In declining to grant the declarations sought the learned Judge exercised his discretionary power. In OPOLOTO –VS- ATTRONEY GENERAL (1969) E.A. 631the Court while considering a similar provision to our current Order 3 Rule 9 of the Civil Procedure Rules which provides for a declaratory judgment stated;
“Under O.11 r.7 of the Civil Procedure Rules the court may make a binding declaration of right whether or not any consequential relief is or could be claimed.

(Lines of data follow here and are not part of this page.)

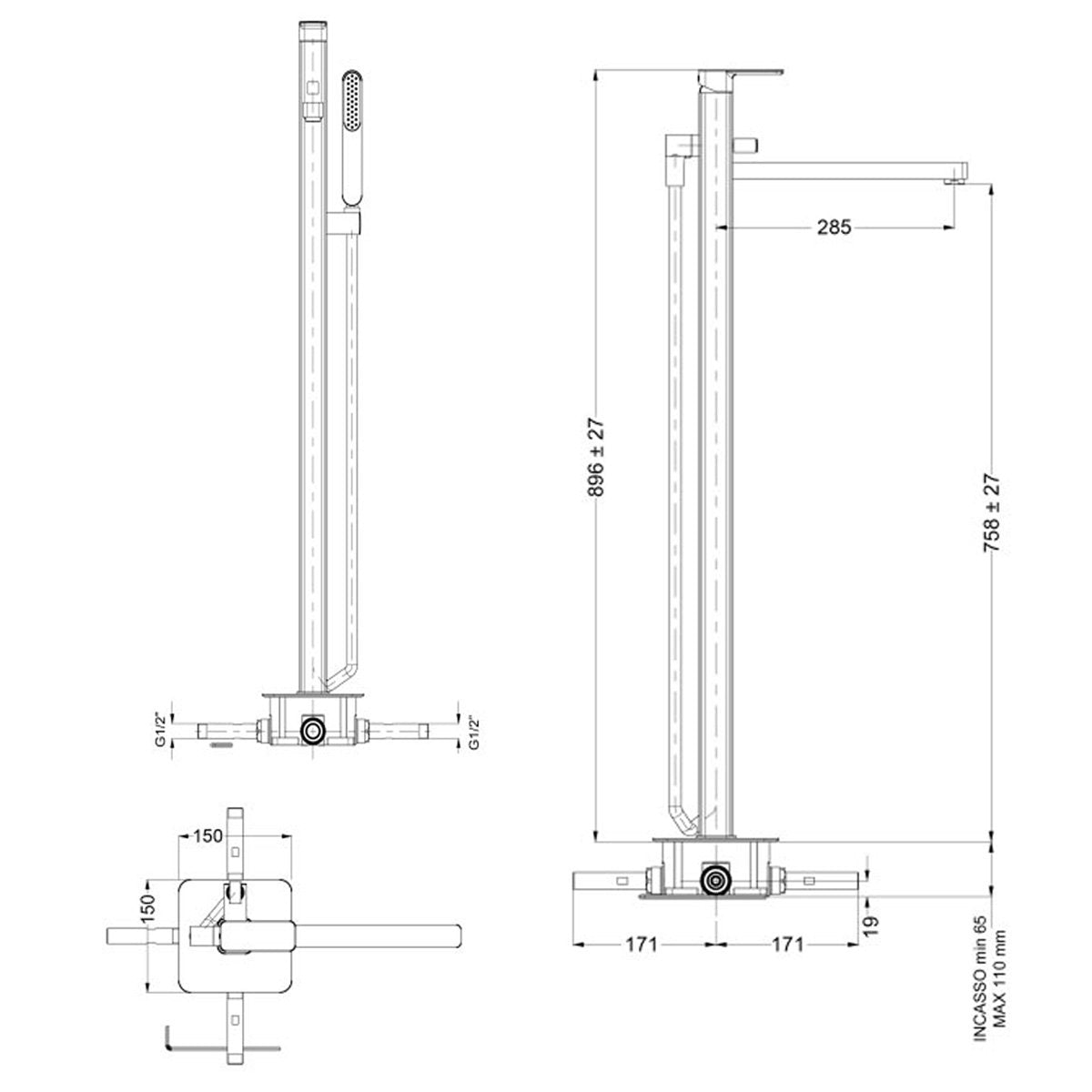 Crosswater Atoll Chrome Freestanding Bath Tap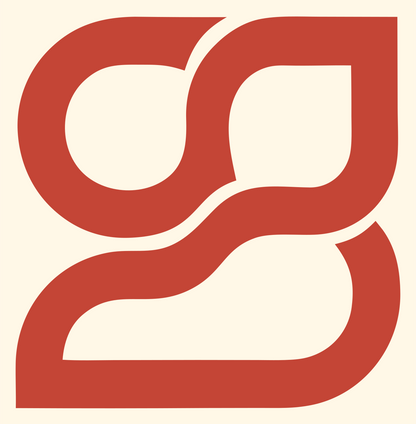 Monoline Double Loop Mark #fff8e7/#c44536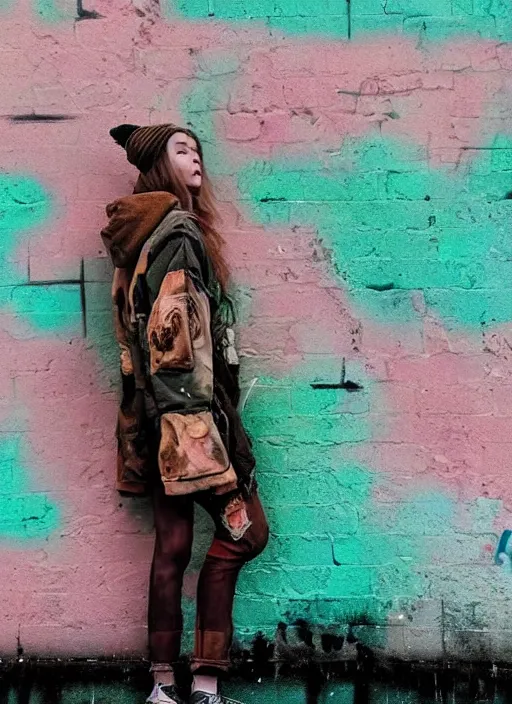 Image similar to highly detailed portrait of a cloudpunk young seattle lady, tartan hoody, by atey ghailan, by greg rutkowski, by greg tocchini, by james gilleard, by joe fenton, by kaethe butcher, gradient green, brown, blonde crea, orange, brown and white color scheme, grunge aesthetic!!! ( ( graffiti tag wall background ) )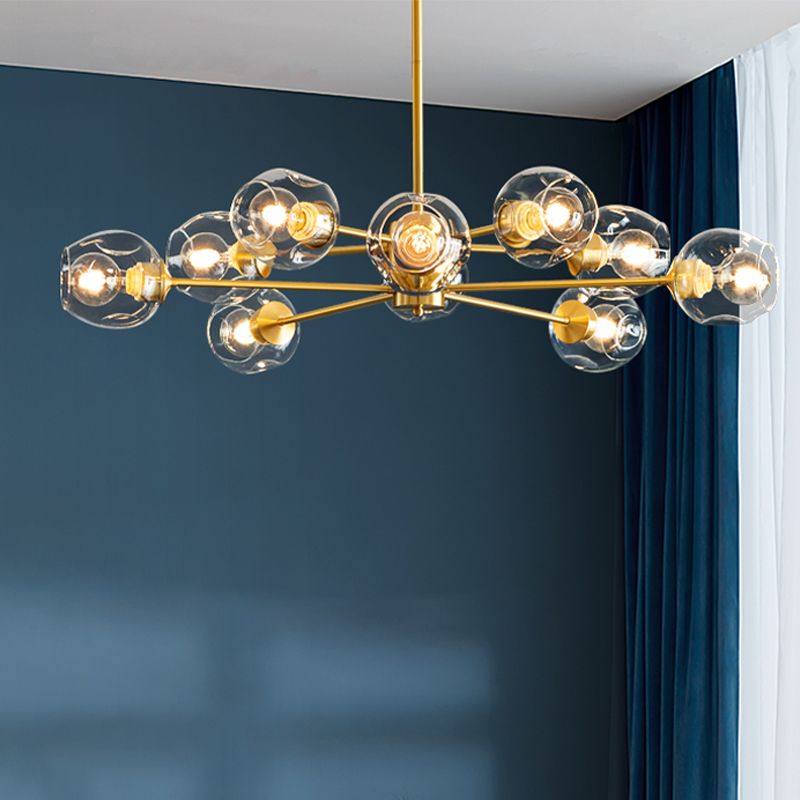 Gouden sputnik kroonluchter eenvoud helder glazen schaduwverlichting voor slaapkamer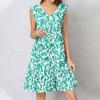 Abito Estivo da Donna Senza Maniche Scollo a V Stampa Abiti Corti Moda Casual Fluido Boho Volant A Linea Svasato Prendisole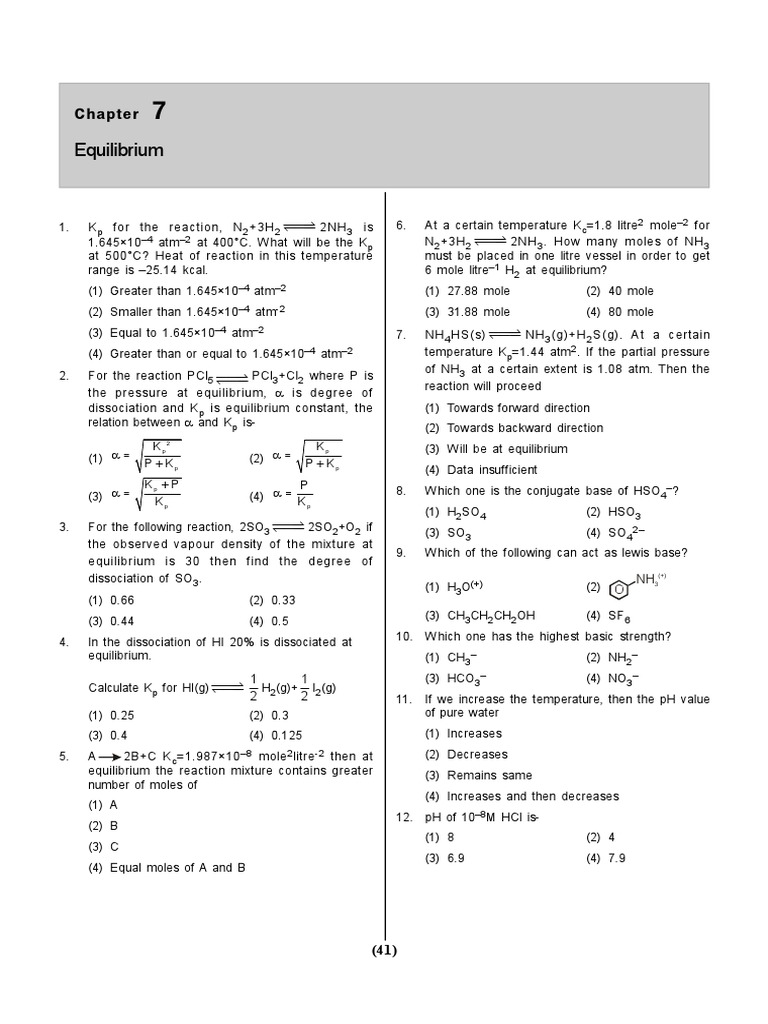 Equilibrium K PK K PK K P K PDF Acid Dissociation Constant Acid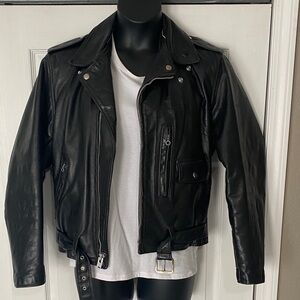 Sears Black Leather Motorcycle Jacket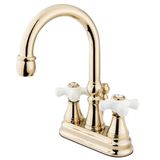 Kingston Brass KS2612PX Vali Pirinç Açılır ve Porselen Çapraz Saplı 4 İnç Centerset Lavabo Bataryası, Parlak Pirinç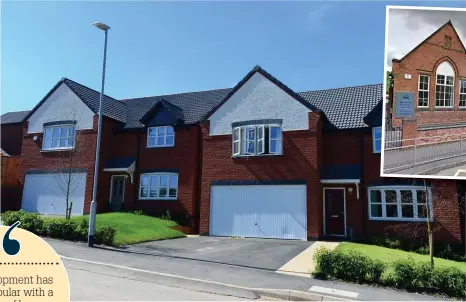  ?? ?? Homes on the Henhurst Fields developmen­t in Burton. One of the attraction­s of the site has been the closeness of nearby excellent schools, including Shobnall Primary (inset)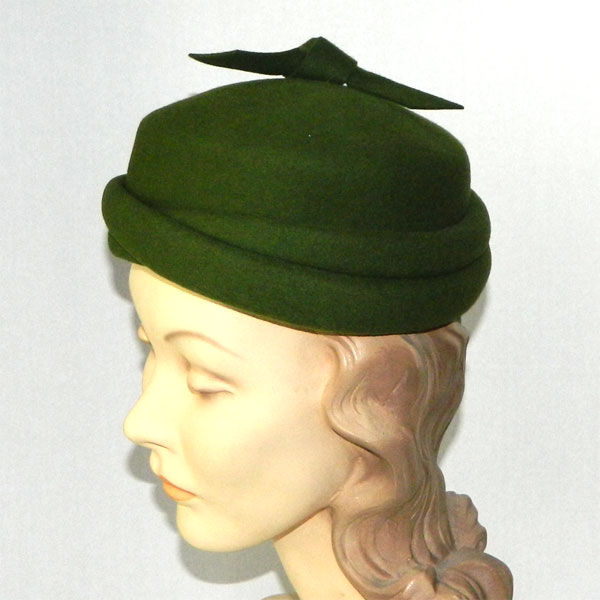 1960's green pill box hat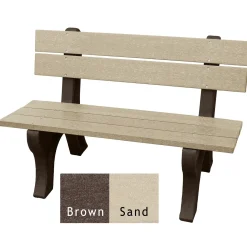 Recycled Plastic Outdoor Bench with Economizer Traditional Back 4'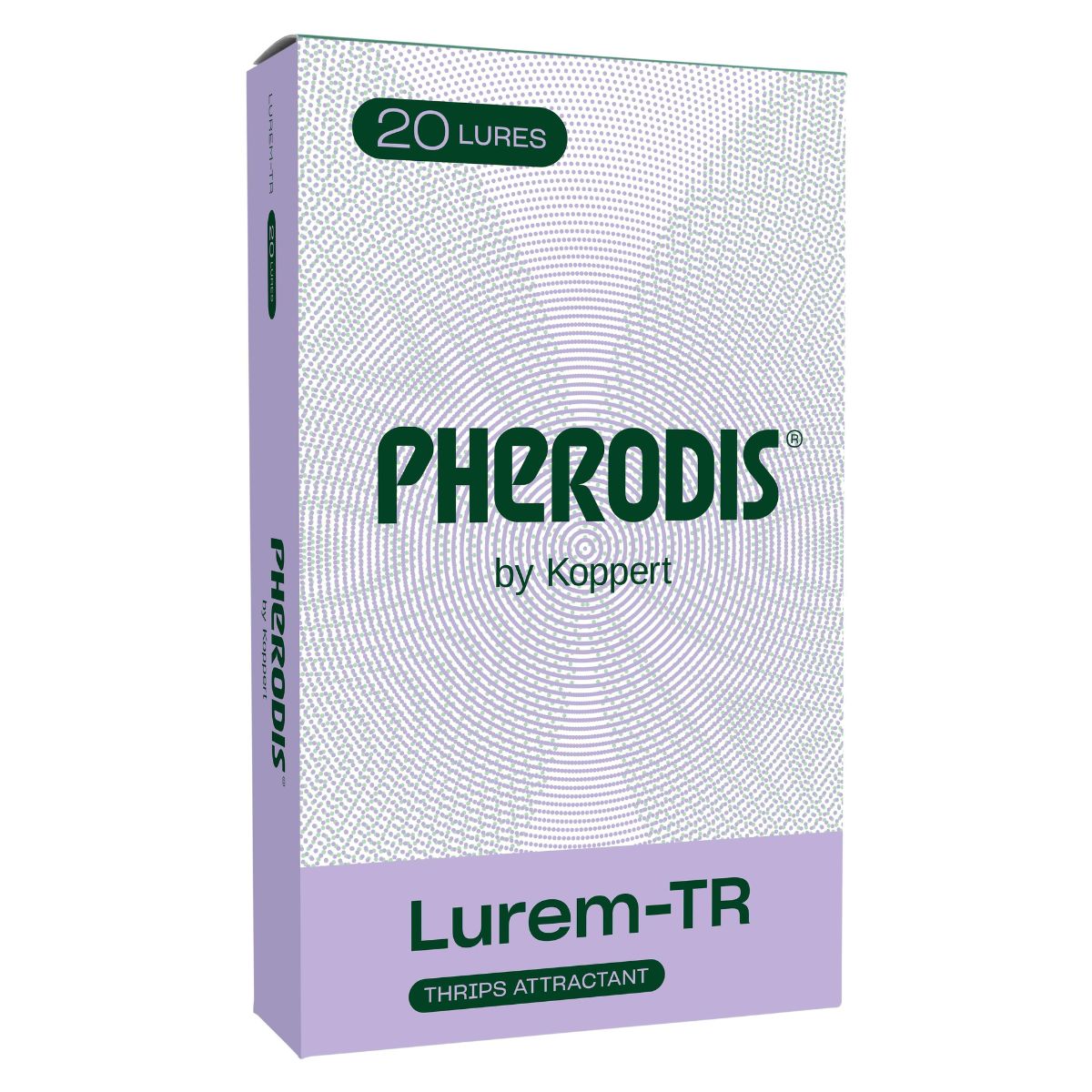 A box of Pherodis Lurem-TR thrips attractant lures by Koppert, with 20 lures per package.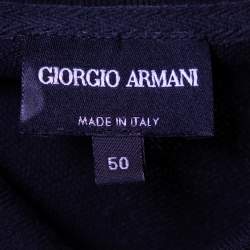 Pre Owned Giorgio Armani Black Cotton Pique Striped Polo T-Shirt L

This is a very wide power; but it is a discretionary power and one which should be exercised, if at all, only with the greatest caution...”
Where this Court is being called upon to interfere with the exercise of discretion of the trial court, the principles it applies, and we do, were set out in the locus classicus case of MBOGO & ANOTHER -VS- SHAH [1968] EA 93 at Page 96, as follows:
“An appellate court will interfere if the exercise of the discretion is clearly wrong because the judge has misdirected himself or acted on matters which it should not have acted upon or failed to take into consideration matters which it should have taken into consideration and in doing so arrived at a wrong conclusion. It is trite law that an appellate court should not interfere with the exercise of the discretion of a judge unless it is satisfied that the judge in exercising his discretion has misdirected himself and has been clearly wrong in the exercise of the discretion and that as a result there has been injustice.”
The appellant’s main basis for entitlement to the suit land was that a consent judgment was entered in the succession cause wherein beneficiaries to the deceased’s Estate agreed that he should inherit the same absolutely. He contended that the respondent refused to attend those proceedings despite being notified but her mother did participate in those proceedings. From the record as we have already observed, the appellant contradicted himself on whether the respondent was given notice of the succession proceedings. On this issue the learned Judge made the following findings:-
“In this regard it is my finding on the evidence produced that the obtainment of the title deed of the suit land by the plaintiff is tainted with fraud. He did not inform the defendant to attend the Runyenjes Succession Cause proceedings. In this regard, the defendant should have been informed by the plaintiff to attend the succession cause proceedings as she was a potential beneficiary. He materially contradicted himself as to whether he informed her or not.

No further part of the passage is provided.